[[ DATA open ]]

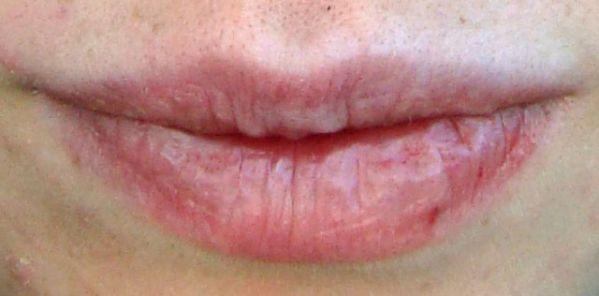 labios agrietados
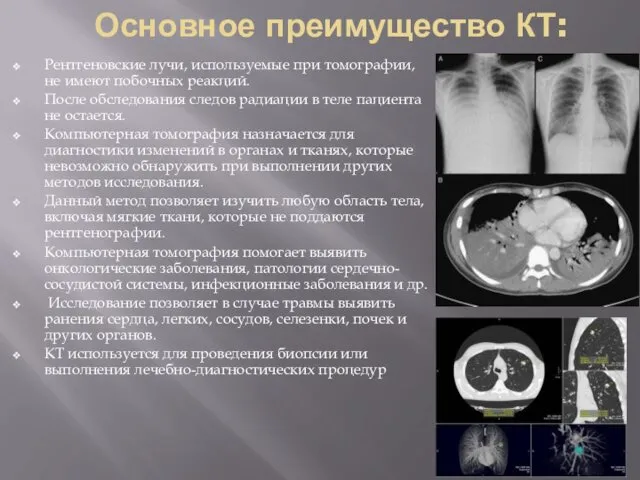 Основное преимущество КТ: Рентгеновские лучи, используемые при томографии, не имеют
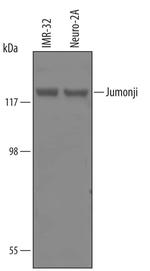 JARID2 Polyclonal Antibody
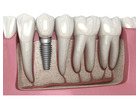 Trusted Dentist in Abbotsford | Your Local Dentist Near Me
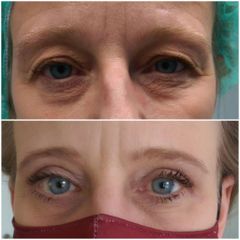 Operácia očných viečok (Blepharoplastika) - CRYSTAL ESTHETIC CLINIC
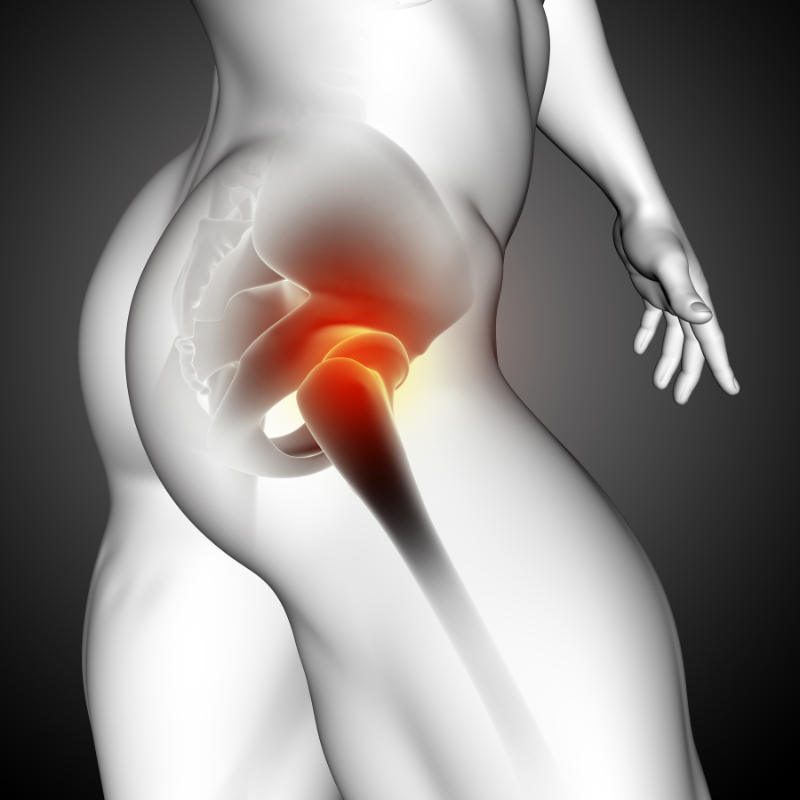 엉덩이 통증 저림 증상 원인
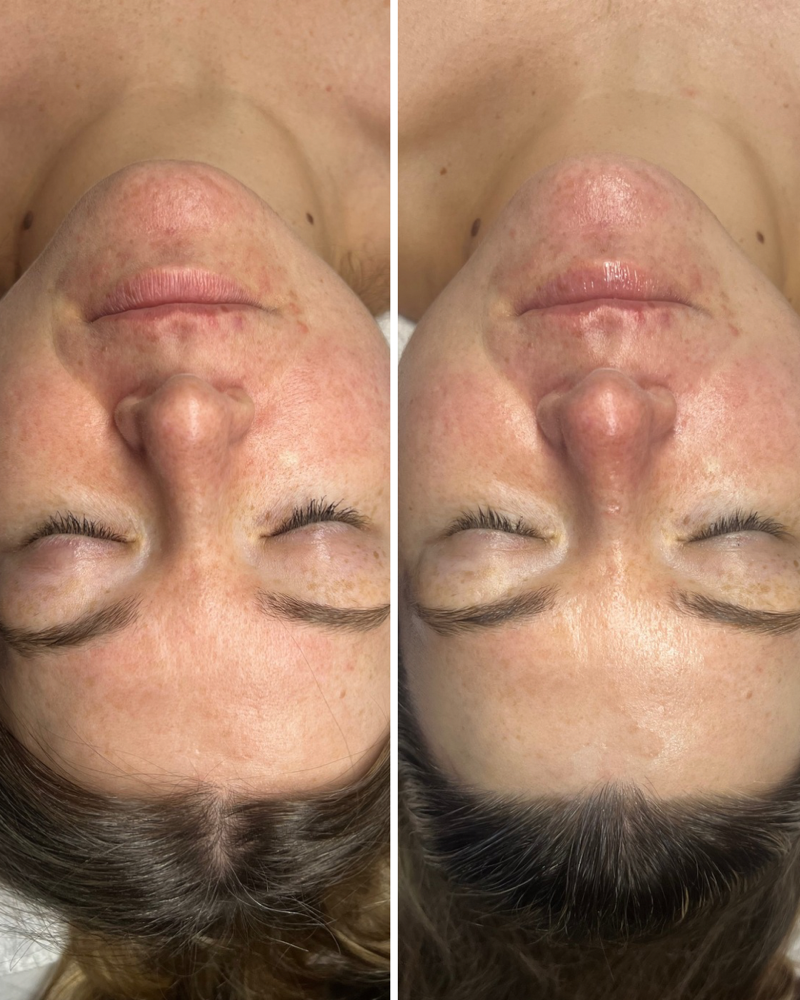 Oxygen RX treatment facial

[[ DATA closed ]]

**THE TASK:**
If the records contain pictures, skip them, and transcribe exactly every line from the one with "Operácia očných viečok" through the last line.

**ANSWER:**
 Operácia očných viečok (Blepharoplastika) - CRYSTAL ESTHETIC CLINIC
 엉덩이 통증 저림 증상 원인
 Oxygen RX treatment facial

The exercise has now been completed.